Day Twenty-Five: Code Chronicle
include("Utils.jl")
using .Utils
input = get_example(2024,25)
input = [string(i) for i in mapreduce(permutedims, vcat, split.(input,""))]
35×5 Matrix{String}:
"#" "#" "#" "#" "#"
"." "#" "#" "#" "#"
"." "#" "#" "#" "#"
"." "#" "#" "#" "#"
"." "#" "." "#" "."
"." "#" "." "." "."
"." "." "." "." "."
"#" "#" "#" "#" "#"
"#" "#" "." "#" "#"
"." "#" "." "#" "#"
"." "." "." "#" "#"
"." "." "." "#" "."
"." "." "." "#" "."
⋮
"#" "." "#" "." "."
"#" "#" "#" "." "."
"#" "#" "#" "." "#"
"#" "#" "#" "." "#"
"#" "#" "#" "#" "#"
"." "." "." "." "."
"." "." "." "." "."
"." "." "." "." "."
"#" "." "." "." "."
"#" "." "#" "." "."
"#" "." "#" "." "#"
"#" "#" "#" "#" "#"
Part One#
Much to my relief, the 25th day of the Advent of Code was short and sweet! The input consists of schematics with lock (a slice of the input matrix that starts with a row of all #
and ends with a row of all .
) and keys (starts with .
and ends with #
). So a key may look like this:
#####
.####
.####
.####
.#.#.
.#...
.....
and a lock may look like this:
.....
#....
#....
#...#
#.#.#
#.###
#####
A lock can only fit into a key if none of the #
values overlap when the matrix of the key is overlaid on the matrix of the lock. We have to determine the number of unique pairs of locks and keys that would fit each other.

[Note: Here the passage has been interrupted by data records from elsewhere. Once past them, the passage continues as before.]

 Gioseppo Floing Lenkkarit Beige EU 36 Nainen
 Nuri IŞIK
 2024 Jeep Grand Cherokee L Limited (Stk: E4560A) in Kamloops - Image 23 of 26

To solve this, I first split up my input into locks and keys:
keys_and_locks = [input[i:i+6,:] for i in 1:7:size(input)[1]]
my_keys = [x for x in keys_and_locks if all(x[1:1,1:5] .== "#")]

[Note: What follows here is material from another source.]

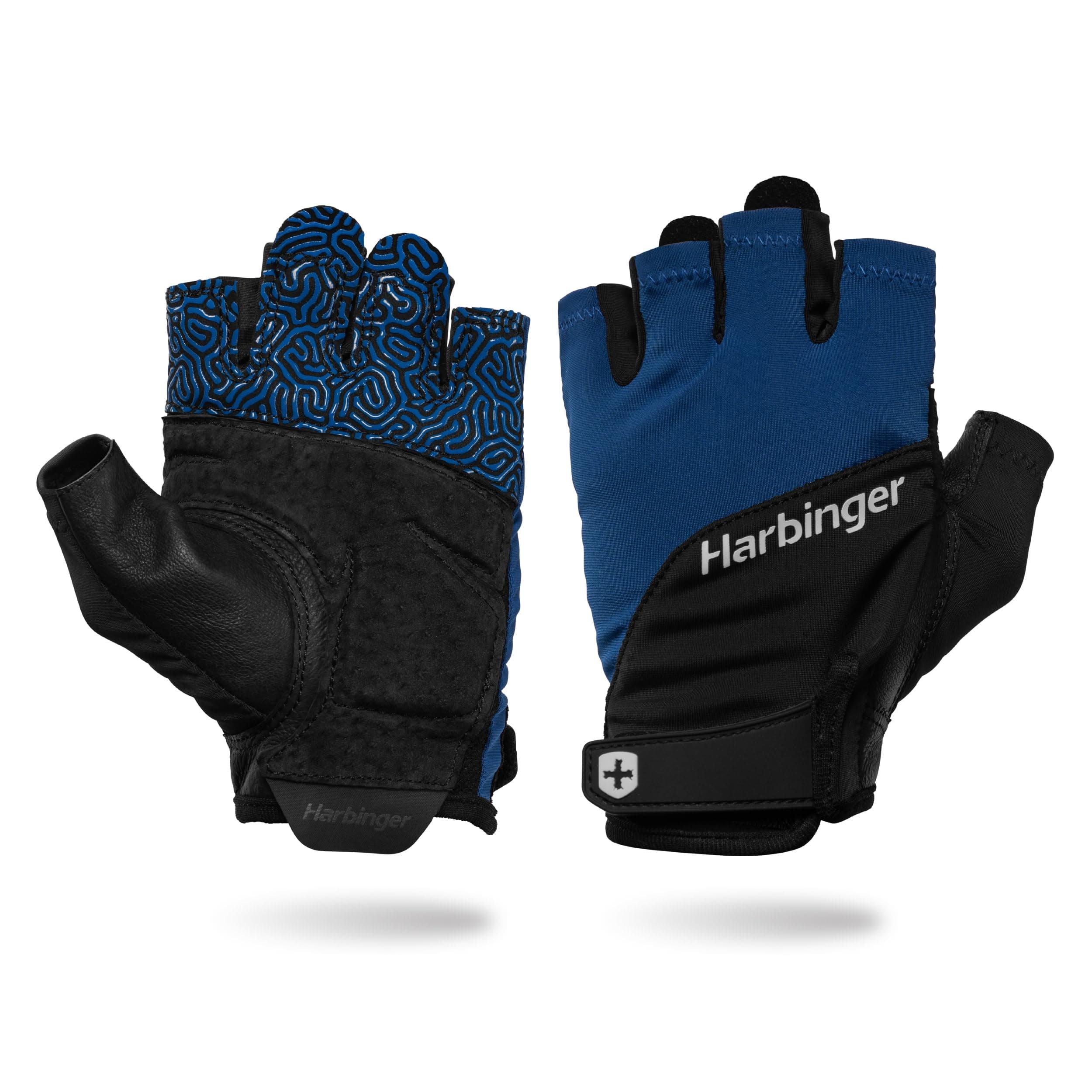 Training Grip Gloves 3.0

my_locks = [x for x in keys_and_locks if all(x[7:7,1:5] .== "#")]
Then, I wrote a function that would test if a key fit into a given lock by calculating how many #
symbols were in each column, and added those together for each lock and key. If any values summed to more than five, the combination was invalid!
function test_fit(my_key, my_lock)
key_heights = [sum(my_key[2:7,i] .== "#") for i in 1:5]

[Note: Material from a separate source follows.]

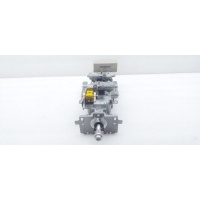 Рулевая колонка Infiniti QX56 Z62 2012 488101LA6B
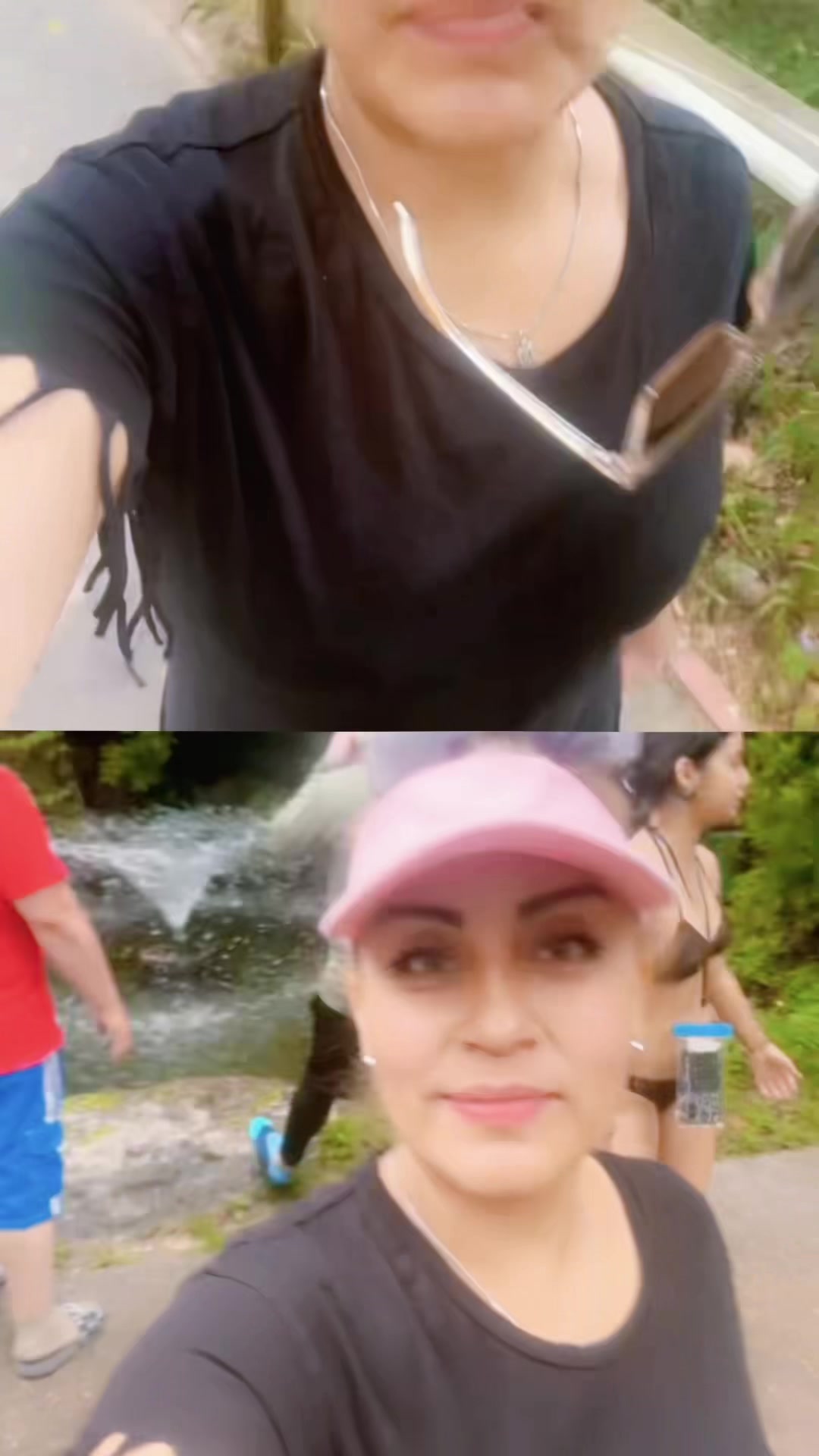 @sofibertotti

lock_heights = [sum(my_lock[1:6,i] .== "#") for i in 1:5]
return all((key_heights .+ lock_heights) .<= 5)
end
Finally, I wrote a nested for loop to test all of the locks and keys. And I got my answer!
counter = 0
for my_key in my_keys
for my_lock in my_locks
if test_fit(my_key, my_lock)
global counter = counter + 1
end
end
end
println(counter)
3
Part Two#
There was no part two for this problem!
Closing thoughts#
I had a wonderful time doing the Advent of Code this year (as opposed to 2022, when I became quite sick in early December and realized I was skipping out on desperately needed sleep just to try to score meaningless leaderboard points)! I really struggled with some of these problems, but struggling with them was good–I learned a lot in the process (and I certainly learned more than the folks who just fed the problems into an LLM repeatedly until they got an answer)! I’m not sure I’ll do it again next year–just having gone all the way through a full AoC was quite taxing, but thank you all for following along! Happy holidays!